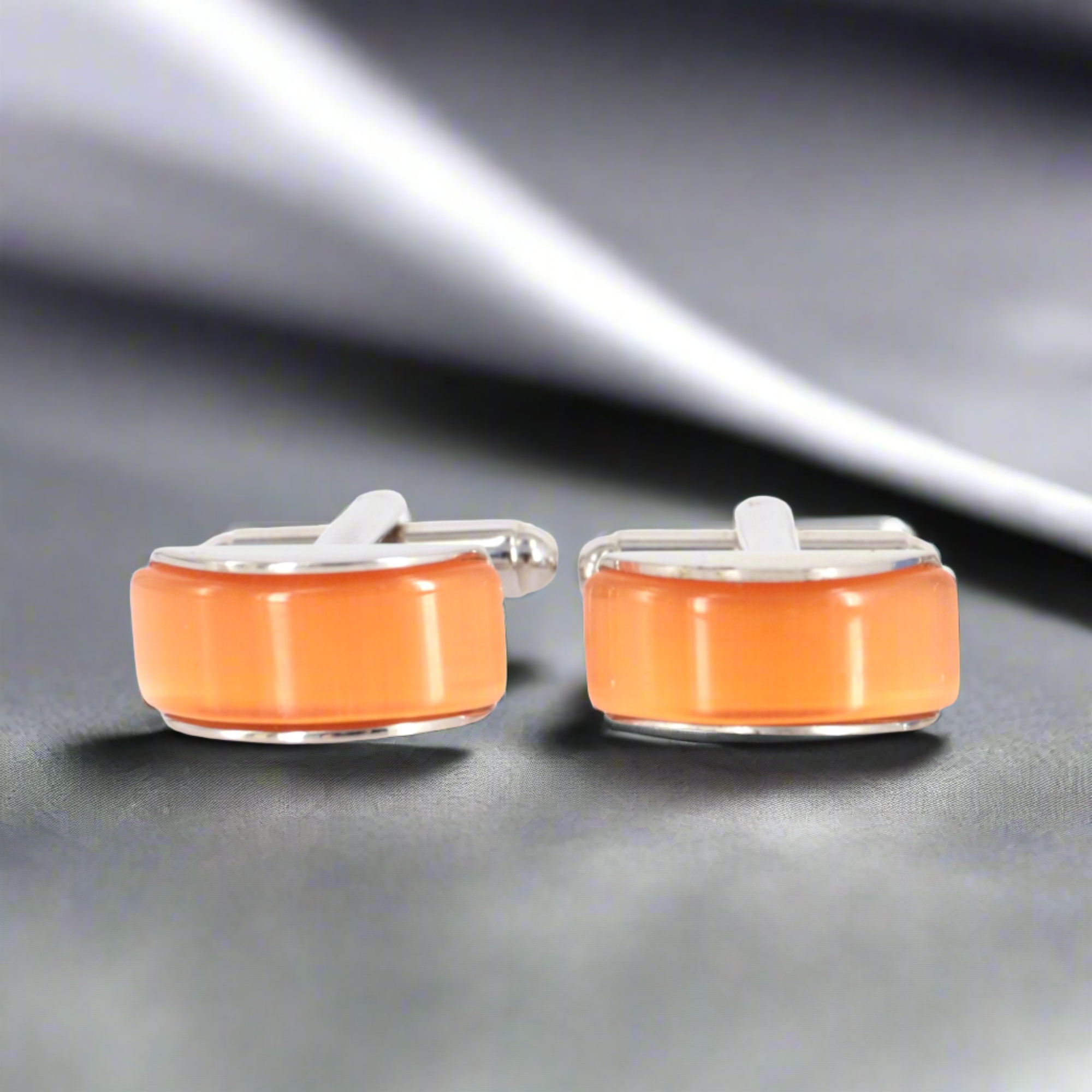 Spherical wedge in orange fiber optic Cufflinks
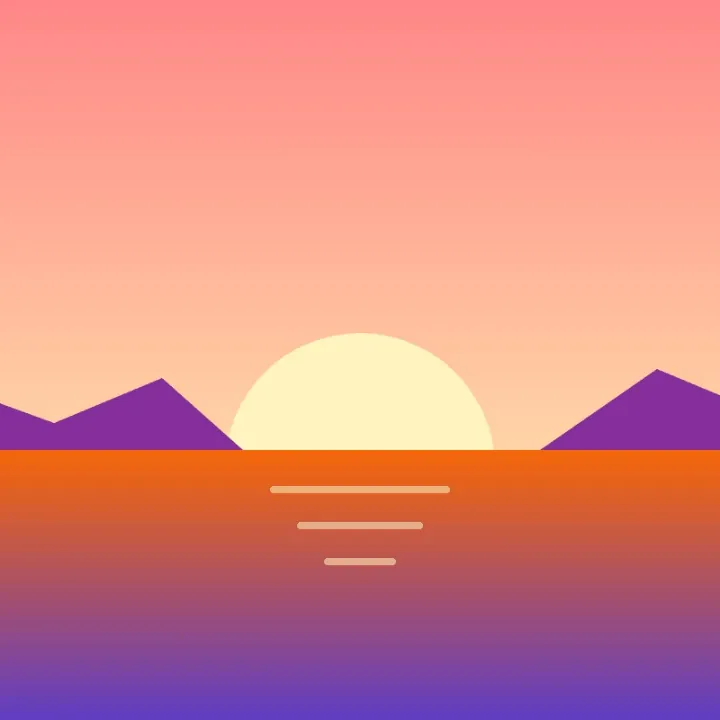A sunset over the sea between purple hills, a frame of a GIF, as a JPG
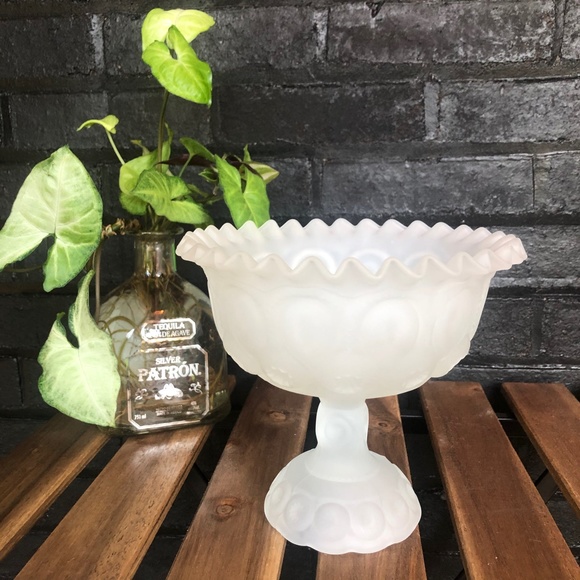 Other - Vintage Moon & Stars Frosted Glass Pedistal Compote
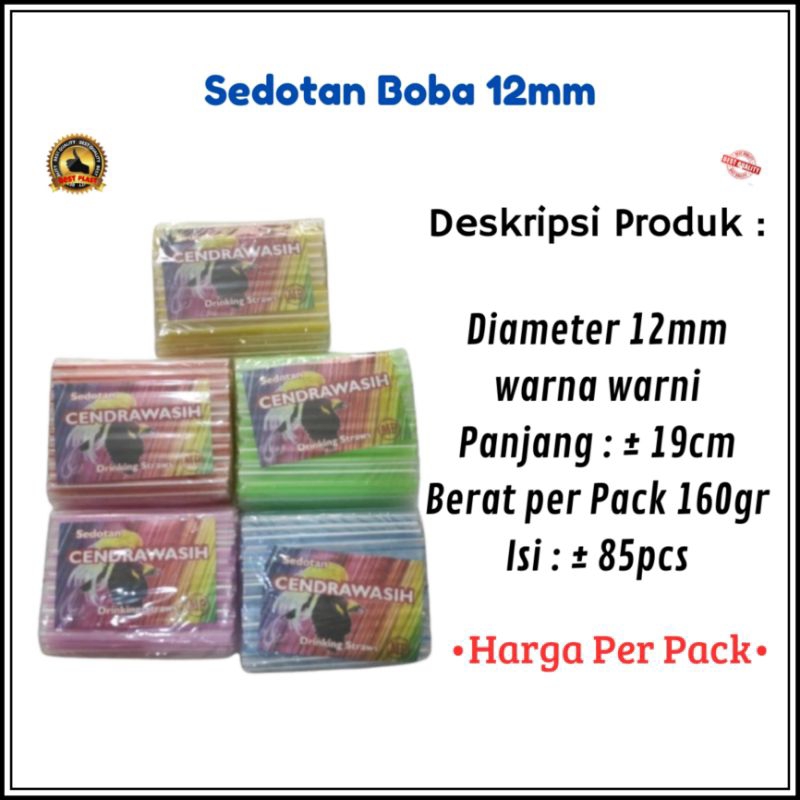 Sedotan Bubble Boba Salur Bening Murah Ekonomis 12ml/ Sedotan Boba Bening 12mm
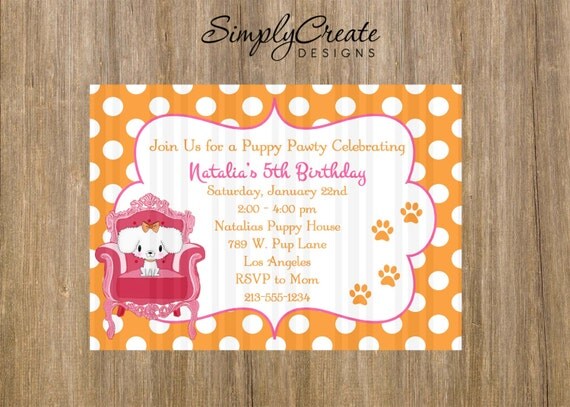 Puppy Party Invite Puppy Invitation 5x7 Jpeg DIGITAL File Il_570xn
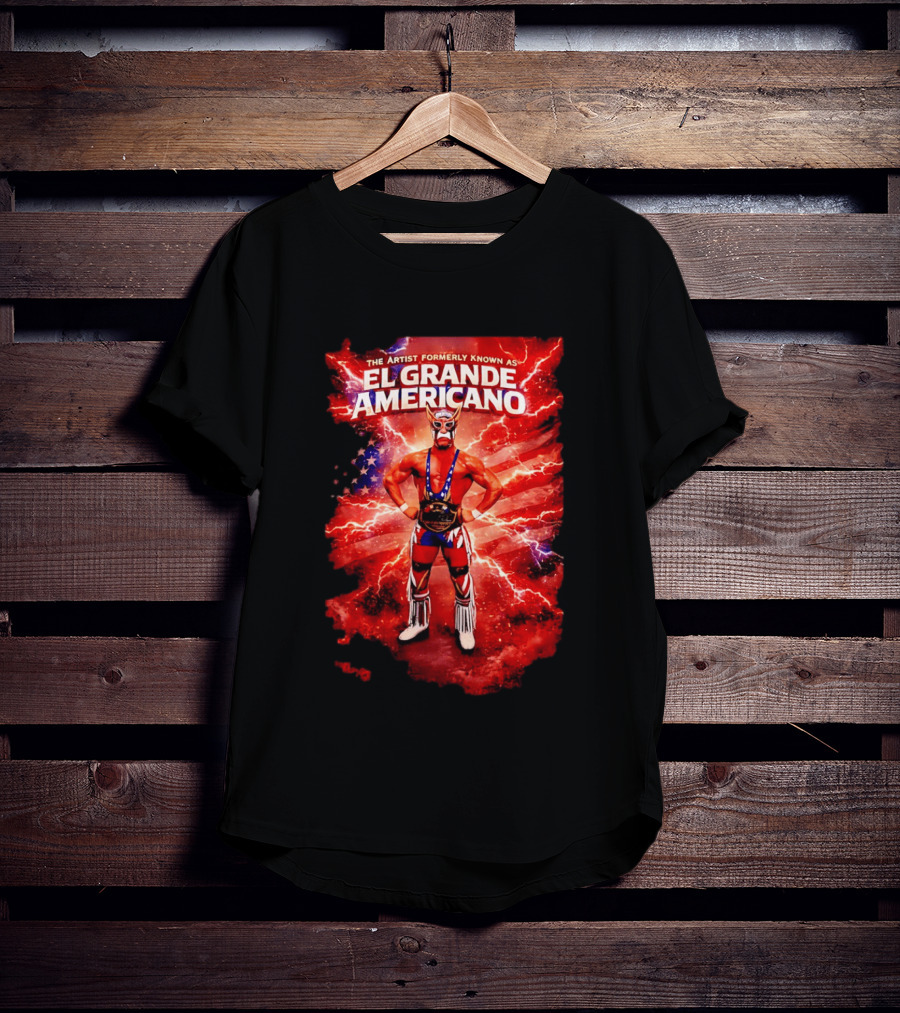 The Artist Formerly Known As El Grande Americano Luchador Flag Lightning T-Shirt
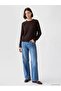 Crew Neck Knitted Women's Sweater (W6) - 2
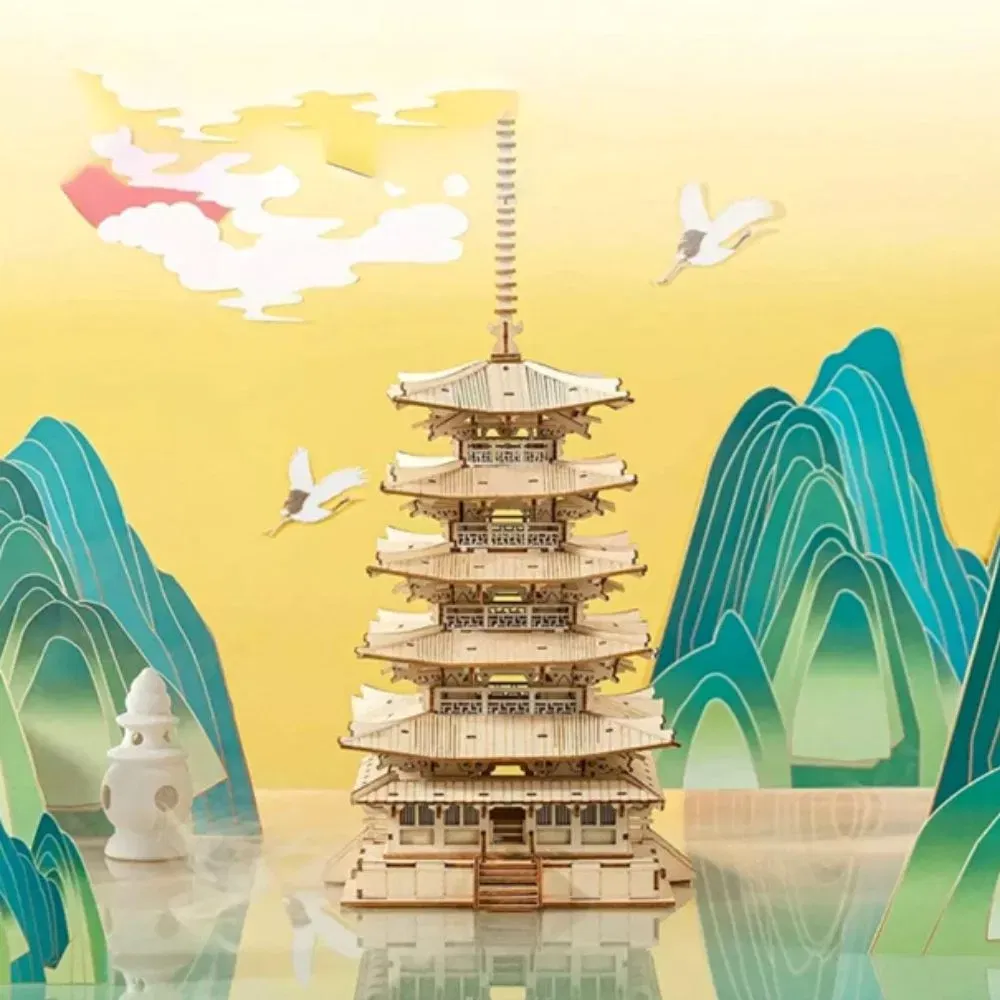 Puzzle 3D, Pagoda asiatica, din lemn, Robotime [3]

##########

### WORK INSTRUCTION
Only the text of the material belongs in your copy, which must match the original exactly.

### TASK RESPONSE
 Spherical wedge in orange fiber optic Cufflinks
A sunset over the sea between purple hills, a frame of a GIF, as a JPG
 Other - Vintage Moon & Stars Frosted Glass Pedistal Compote
 Sedotan Bubble Boba Salur Bening Murah Ekonomis 12ml/ Sedotan Boba Bening 12mm
 Puppy Party Invite Puppy Invitation 5x7 Jpeg DIGITAL File Il_570xn
 The Artist Formerly Known As El Grande Americano Luchador Flag Lightning T-Shirt
 Crew Neck Knitted Women's Sweater (W6) - 2
 Puzzle 3D, Pagoda asiatica, din lemn, Robotime [3]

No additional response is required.